▶ [Aim of the task]: Below are some records; find each line that carries the word "Used" and copy it.

▶ [Scraped caption text data]:
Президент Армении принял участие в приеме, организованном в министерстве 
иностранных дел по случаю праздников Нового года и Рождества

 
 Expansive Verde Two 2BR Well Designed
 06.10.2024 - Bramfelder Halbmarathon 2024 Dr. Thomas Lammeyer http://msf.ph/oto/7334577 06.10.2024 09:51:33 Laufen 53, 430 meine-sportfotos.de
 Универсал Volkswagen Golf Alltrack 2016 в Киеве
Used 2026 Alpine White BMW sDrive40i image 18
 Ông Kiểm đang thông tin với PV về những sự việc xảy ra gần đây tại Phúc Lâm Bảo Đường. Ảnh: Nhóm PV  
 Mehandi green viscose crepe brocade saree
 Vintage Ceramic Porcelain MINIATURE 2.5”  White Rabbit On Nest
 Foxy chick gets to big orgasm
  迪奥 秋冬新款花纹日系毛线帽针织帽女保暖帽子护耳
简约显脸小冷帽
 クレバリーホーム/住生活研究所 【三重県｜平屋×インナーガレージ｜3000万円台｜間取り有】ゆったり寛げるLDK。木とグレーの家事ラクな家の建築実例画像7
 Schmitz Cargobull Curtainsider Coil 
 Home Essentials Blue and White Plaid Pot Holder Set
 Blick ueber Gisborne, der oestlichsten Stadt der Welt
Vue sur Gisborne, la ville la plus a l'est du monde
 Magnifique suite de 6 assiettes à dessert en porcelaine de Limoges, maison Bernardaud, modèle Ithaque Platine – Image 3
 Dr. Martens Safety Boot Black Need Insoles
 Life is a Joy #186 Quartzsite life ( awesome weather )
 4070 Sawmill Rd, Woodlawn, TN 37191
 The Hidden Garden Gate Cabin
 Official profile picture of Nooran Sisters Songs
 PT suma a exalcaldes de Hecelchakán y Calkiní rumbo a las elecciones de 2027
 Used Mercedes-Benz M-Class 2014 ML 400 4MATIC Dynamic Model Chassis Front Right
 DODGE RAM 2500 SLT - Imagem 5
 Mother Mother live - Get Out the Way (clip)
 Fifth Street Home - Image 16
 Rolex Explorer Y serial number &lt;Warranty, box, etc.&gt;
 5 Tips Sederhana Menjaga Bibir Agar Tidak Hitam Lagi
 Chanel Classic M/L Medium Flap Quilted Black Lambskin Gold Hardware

▶ [Answer to the problem]:
Used 2026 Alpine White BMW sDrive40i image 18
 Used Mercedes-Benz M-Class 2014 ML 400 4MATIC Dynamic Model Chassis Front Right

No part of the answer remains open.